> PROVIDED RECORDS
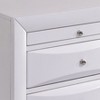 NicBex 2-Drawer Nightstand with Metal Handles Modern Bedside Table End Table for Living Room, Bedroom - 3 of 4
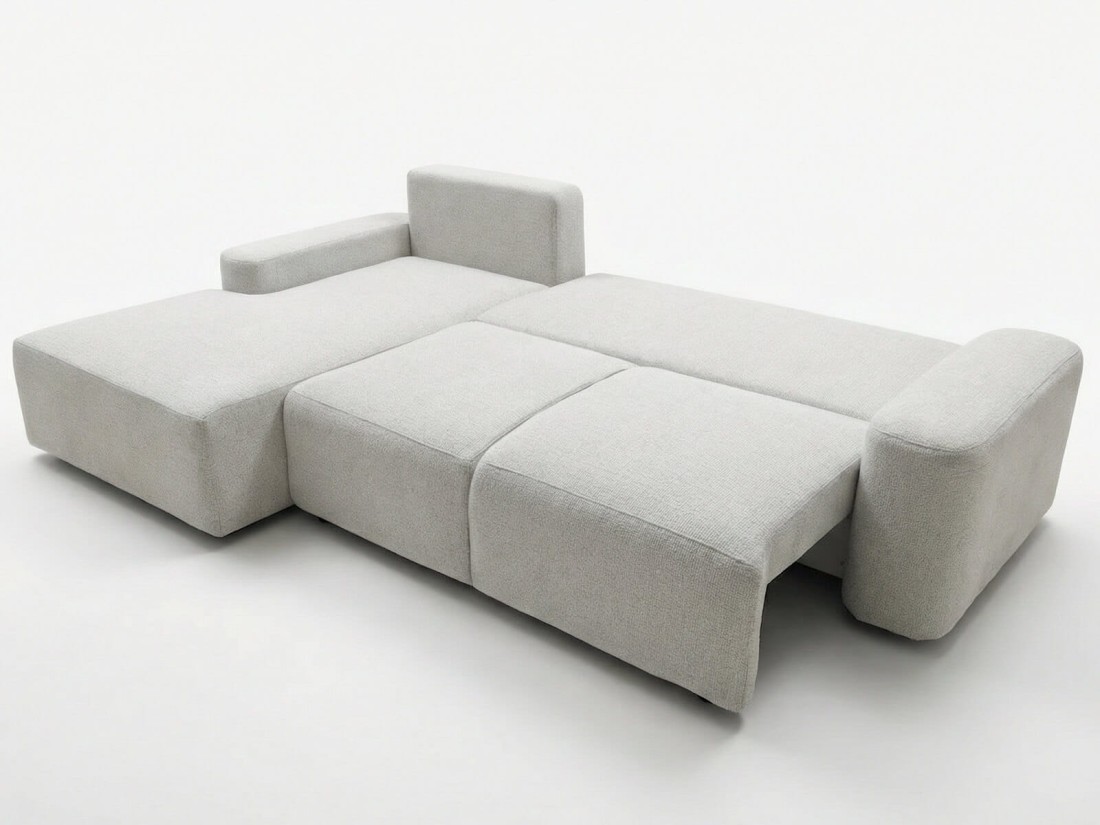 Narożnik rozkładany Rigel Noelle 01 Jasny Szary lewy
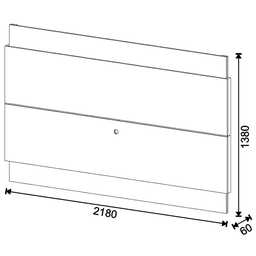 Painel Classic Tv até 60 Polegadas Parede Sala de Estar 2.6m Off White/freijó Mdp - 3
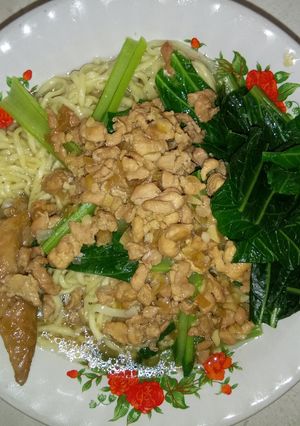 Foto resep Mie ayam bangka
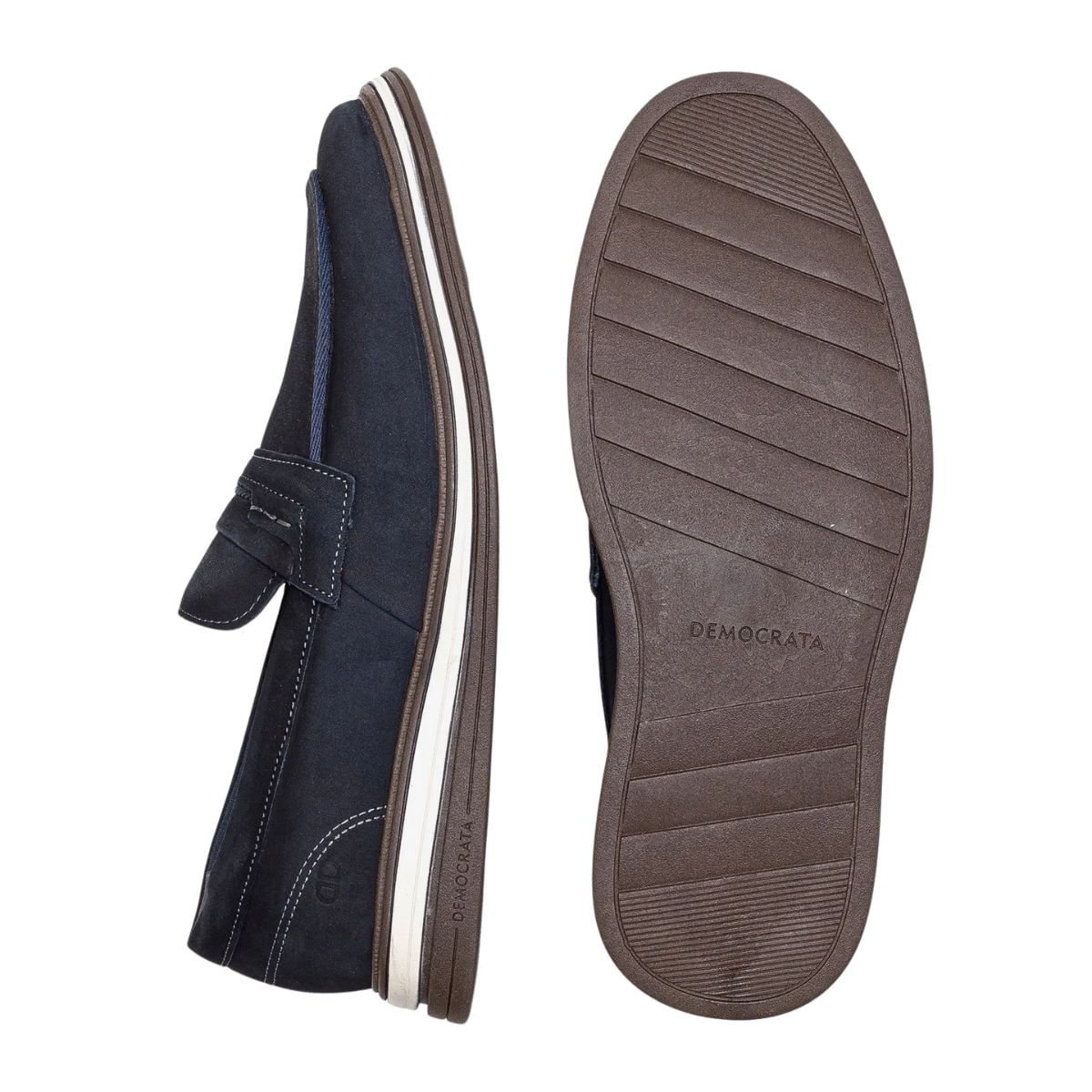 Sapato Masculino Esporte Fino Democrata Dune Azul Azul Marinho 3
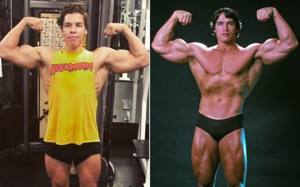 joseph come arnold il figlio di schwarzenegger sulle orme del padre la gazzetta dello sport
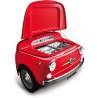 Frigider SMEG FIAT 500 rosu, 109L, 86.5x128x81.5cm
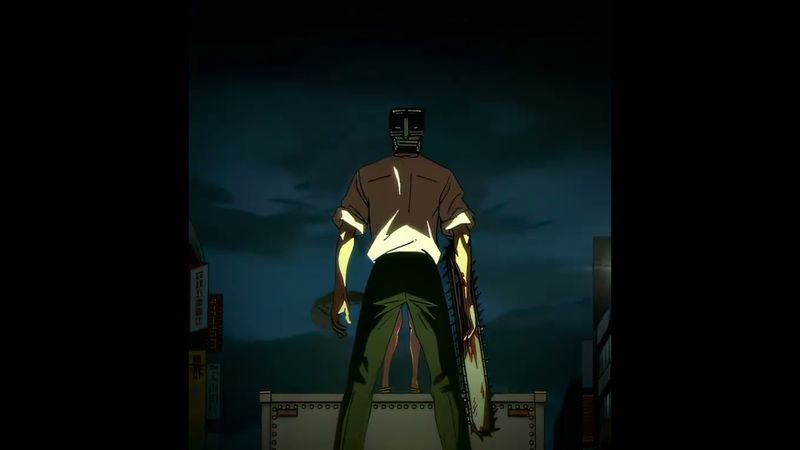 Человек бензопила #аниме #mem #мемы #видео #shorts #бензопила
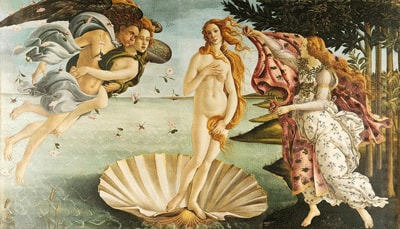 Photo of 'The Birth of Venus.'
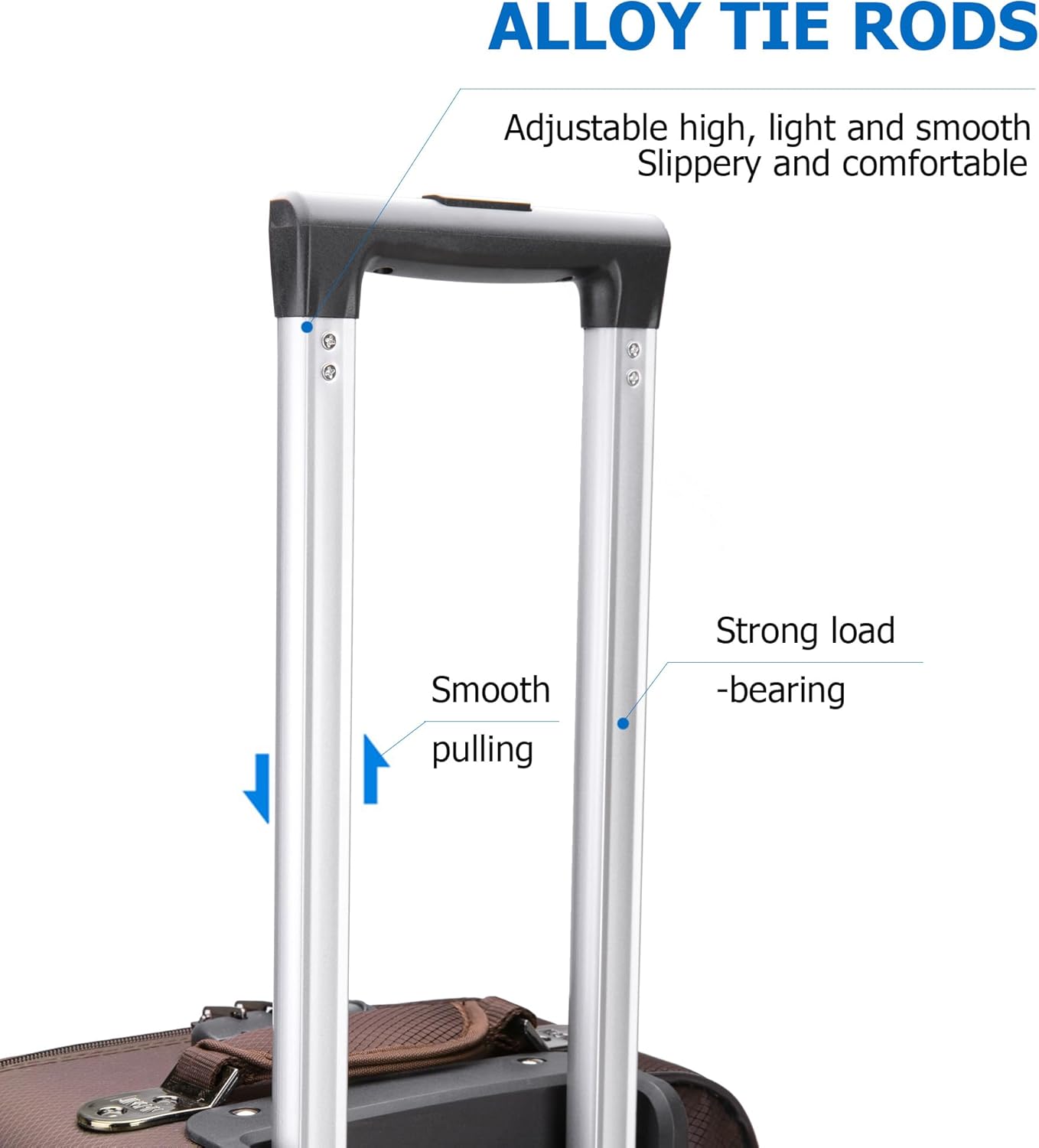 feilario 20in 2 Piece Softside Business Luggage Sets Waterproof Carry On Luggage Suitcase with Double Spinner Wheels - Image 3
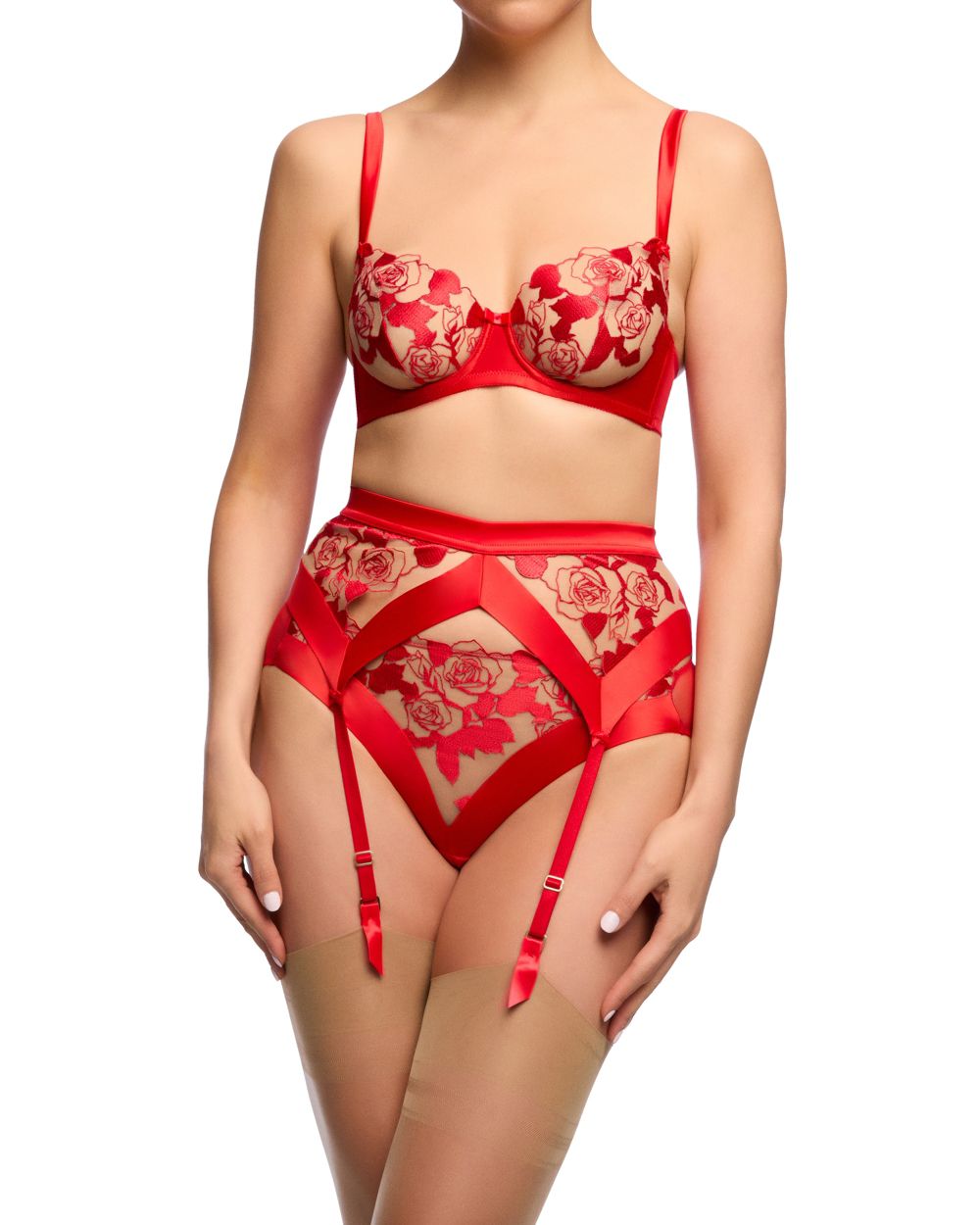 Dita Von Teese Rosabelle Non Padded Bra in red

> WHAT NEEDS TO BE DONE
Repeat the entries above exactly and skip the images.

> RESULT FOR THIS TASK
 NicBex 2-Drawer Nightstand with Metal Handles Modern Bedside Table End Table for Living Room, Bedroom - 3 of 4
 Narożnik rozkładany Rigel Noelle 01 Jasny Szary lewy
 Painel Classic Tv até 60 Polegadas Parede Sala de Estar 2.6m Off White/freijó Mdp - 3
 Foto resep Mie ayam bangka
 Sapato Masculino Esporte Fino Democrata Dune Azul Azul Marinho 3
 joseph come arnold il figlio di schwarzenegger sulle orme del padre la gazzetta dello sport
 Frigider SMEG FIAT 500 rosu, 109L, 86.5x128x81.5cm
 Человек бензопила #аниме #mem #мемы #видео #shorts #бензопила
 Photo of 'The Birth of Venus.'
 feilario 20in 2 Piece Softside Business Luggage Sets Waterproof Carry On Luggage Suitcase with Double Spinner Wheels - Image 3
 Dita Von Teese Rosabelle Non Padded Bra in red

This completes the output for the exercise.